### Required work:
Nothing but an exact copy is wanted here: the line with "Dieta genio: el" and all the lines that follow it in the entries below.

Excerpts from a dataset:
▽
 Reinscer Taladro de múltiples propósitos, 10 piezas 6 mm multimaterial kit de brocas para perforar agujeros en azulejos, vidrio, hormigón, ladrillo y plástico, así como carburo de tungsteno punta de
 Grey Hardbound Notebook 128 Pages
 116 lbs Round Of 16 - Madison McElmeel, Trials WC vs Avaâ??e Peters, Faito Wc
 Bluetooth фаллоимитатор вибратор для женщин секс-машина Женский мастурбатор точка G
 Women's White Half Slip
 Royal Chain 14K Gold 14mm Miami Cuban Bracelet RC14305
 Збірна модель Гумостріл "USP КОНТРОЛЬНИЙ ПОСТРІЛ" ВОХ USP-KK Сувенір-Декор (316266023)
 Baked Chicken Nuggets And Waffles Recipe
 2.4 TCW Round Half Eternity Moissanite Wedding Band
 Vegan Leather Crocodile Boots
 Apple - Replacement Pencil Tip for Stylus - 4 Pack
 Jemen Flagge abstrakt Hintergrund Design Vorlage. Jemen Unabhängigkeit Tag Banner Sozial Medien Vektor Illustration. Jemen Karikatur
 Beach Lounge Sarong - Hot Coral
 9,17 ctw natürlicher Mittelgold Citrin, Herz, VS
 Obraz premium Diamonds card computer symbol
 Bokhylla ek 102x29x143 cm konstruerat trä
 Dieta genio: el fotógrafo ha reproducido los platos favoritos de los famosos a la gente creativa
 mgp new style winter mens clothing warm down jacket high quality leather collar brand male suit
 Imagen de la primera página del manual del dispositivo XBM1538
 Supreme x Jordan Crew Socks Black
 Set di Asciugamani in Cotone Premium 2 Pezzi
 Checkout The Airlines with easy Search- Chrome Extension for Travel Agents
△
### Your response:
 Dieta genio: el fotógrafo ha reproducido los platos favoritos de los famosos a la gente creativa
 mgp new style winter mens clothing warm down jacket high quality leather collar brand male suit
 Imagen de la primera página del manual del dispositivo XBM1538
 Supreme x Jordan Crew Socks Black
 Set di Asciugamani in Cotone Premium 2 Pezzi
 Checkout The Airlines with easy Search- Chrome Extension for Travel Agents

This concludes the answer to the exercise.